Dayton Metro Library is a multi-branch library system serving 476,000 residents of the Dayton Metropolitan Area. It has 21 locations across the area (as well as two bookmobiles). Over 7.6 million items were checked out in 2008. The Dayton Metro Library ranks in the top ten best libraries in the United States serving a population of over 250,000 by HAPLR.[1] The Dayton Metro Library system is considered a county system with branches in cities and towns throughout Montgomery County, Ohio, but does not have branches in Centerville, Germantown, Oakwood, Riverside or Washington Township. All are serviced by libraries of their own, save Riverside, various parts of which are geographically close to Dayton Metro Library locations, including Burkhardt, Electra C. Doren and Huber Heights.[2][3][4]


Former Main Library in Downtown Dayton in 2015

Library service in Dayton began in 1805 with the Social Library Society of Dayton. The Society was also the first library to be incorporated in Ohio. The Society was dissolved in 1821 and books were sold at auction.

In 1847, the Dayton Library Association was established. This lasted until 1860 when it merged with the Public School Library, founded in 1855. In 1887 it was organized as a school district library. A new building was opened in Cooper Park in January 1888. Bookmobile service began in October 1923. In 1948, the library changed in legal form from a school district library to a county district library.

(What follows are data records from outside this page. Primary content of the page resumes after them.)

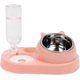 thumbnail image 5 of Pink stainless steel cat food and water bowl set for pets, 5 of 5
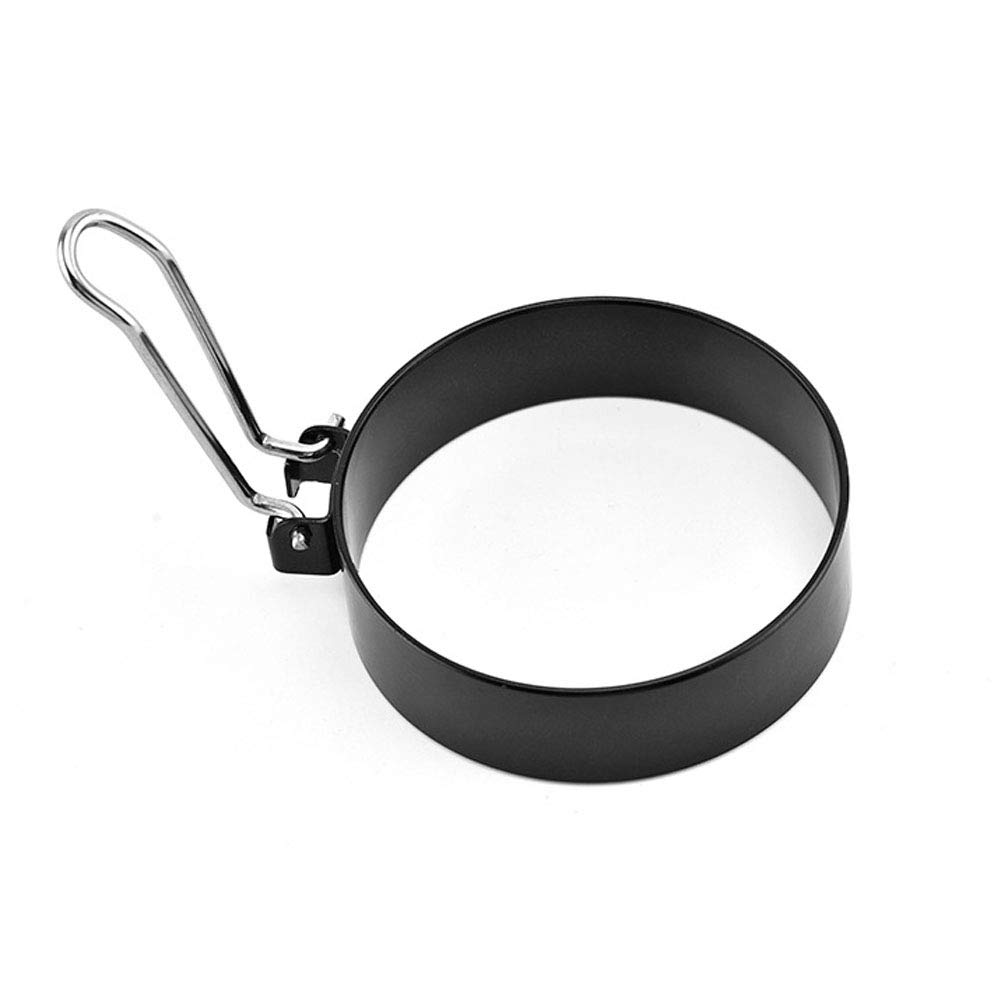 4Pcs Professional Metal Non-Stick Egg Ring - Round Pancake & Egg Shaper Mold (2.95
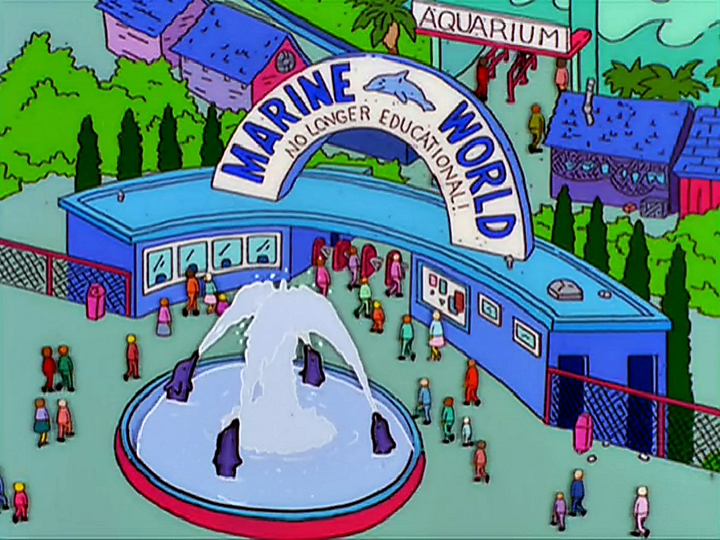 Marine's world. Симпсоны аквариум. Simpsons World парк. Simpsons World.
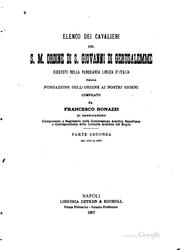 Cover of: Elenco dei cavalieri del S.M.ordine di S. Giovanni di Gerusalemme ricevuti ... by Francesco Bonazzi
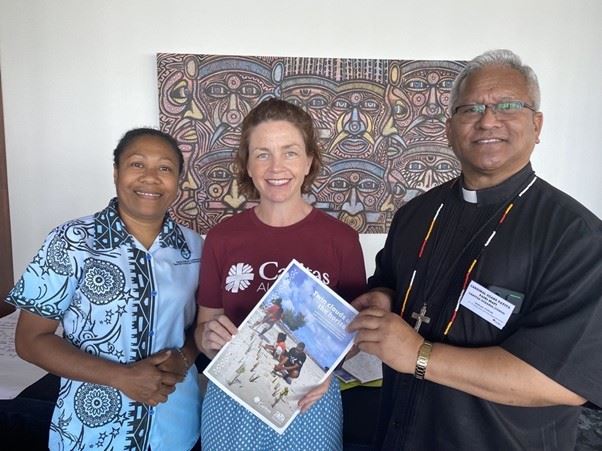 Director Of Caritas Papua New Guinea Mavis Tito (L), Caritas Australia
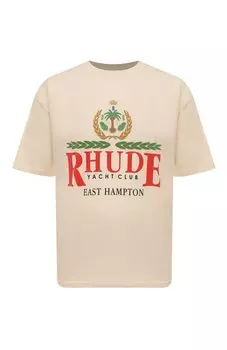 Хлопковая футболка Rhude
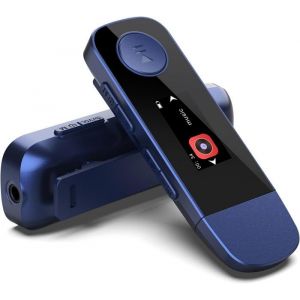 AGPTEK 64Go Lecteur Mp3 USB C avec Bluetooth 5.3 Type-C MP3 Musique sans Perte HiFi avec Radio FM/Enregistreur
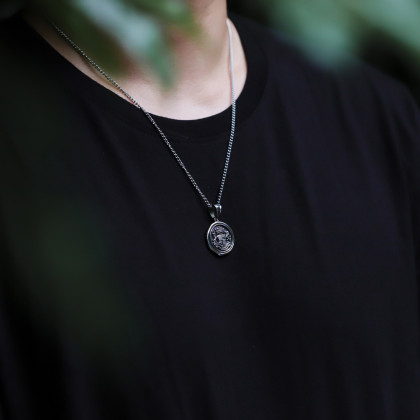 Přívěsek z chirurgické oceli + řetízek PSS1162ST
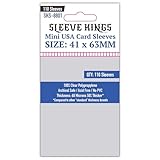 Sleeve Kings Mini USA Card Sleeves (41x63mm) - 110 Pack, 60 Microns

In November 1956, the library officially changed its name to the Dayton and Montgomery County Public Library. A new $2.3 million building was constructed for the Main Library in 1960, with groundbreaking taking place on August 29. The new building, adjacent to the old building (since razed), opened on March 26, 1962, and is still in use today (albeit with renovations done in 1987 and 1998–2000). The Dayton and Montgomery County Public Library name stayed on until June 19, 2002, when it officially changed its name to the Dayton Metro Library. A new logo and website were unveiled in January 2003. (source of library history: compiled from Dayton Metro Library Personnel Manual, June 2005) Another new website was unveiled in December 2014, featuring a new logo, overall new design and a number of new functionalities.

Library Reconstruction

New Library Facility under construction

In November 2012, Dayton, Ohio area voters passed Issue 70, a $187 million bond issue covering building and renovation, with a vote of over 60% support. The project will allow for a completely renovated main branch of the library, expansion and/or remodeling and renovation on a number of existing branches, entirely new facilities for certain locations, and the consolidation of certain underperforming and outdated facilities with larger, modernized branches.[5] The Dayton Daily News reported on this levy and said, “the plan would change libraries from “books and bricks” into community centers designed to provide traditional library services, as well as the latest technology.” [6] The renovated and new facilities are all expected to be completed by year-end 2017.[7] On March 20, 2013, it was announced that a re-examination of the plan had determined that in certain cases new libraries could be built rather than expanding or renovating certain branches, without increasing the cost of the plan. As such, it was determined that the Brookville, Miamisburg, New Lebanon, Northmont and Trotwood Branches would all be moved to new buildings, rather than being renovated/expanded.[8]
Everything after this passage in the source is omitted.